Investigators outlined recommended IEC-HA management guidance, which included ruxolitinib (Jakafi) and the consideration of dexamethasone with or without anakinra (Kineret) in the frontline setting. If responses were insufficient within 24 to 48 hours, recommended second-line therapy consisted of the addition of dexamethasone with or without anakinra (if not already added in the frontline setting); if no improvement was observed after 24 hours, dosing of ruxolitinib/dexamethasone/anakinra could be escalated. If second-line responses were insufficient within 24 to 48 hours, third-line treatment could consist of emapalumab (Gamifant) or etoposide and/or an “off switch” for adoptive cellular therapy.
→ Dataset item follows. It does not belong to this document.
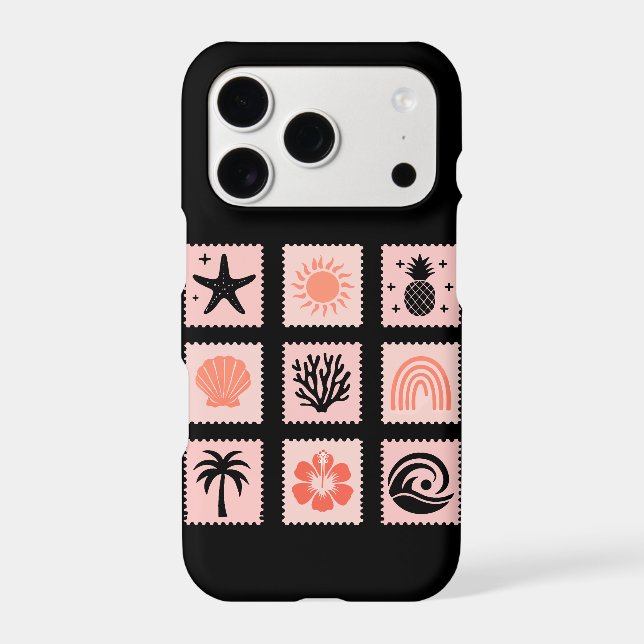 Nature stamp collage iphone case (Back)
Fatal treatment-related AEs included cardiogenic shock (a DLT), sepsis, and failure to thrive in 1 patient 16 months after their last treatment.
TEAEs observed among patients treated at DL2 who received FC500 lymphodepletion (n = 11), were consistent with those seen in the overall population. In this population, the most frequently observed TEAEs were CRS (any-grade, 73%; grade ≥ 3, 0%), fatigue (18%; 0%), neutropenia (64%; 64%), decreased WBC counts (73%; 73%), anemia (64%; 46%), and thrombocytopenia (64%; 27%).
Vector copy number (VCN) levels were evaluated over time in peripheral blood and tumor biopsy samples. In responders, VCN levels peaked between approximately days 7 and 21 following CAR T-cell infusion and declined gradually beyond day 56. In contrast, nonresponders exhibited lower VCN levels with minimal expansion over the same period. Tumor biopsy samples showed high VCN levels, highlighting the targeted infiltration of ALLO-316 into the tumor microenvironment.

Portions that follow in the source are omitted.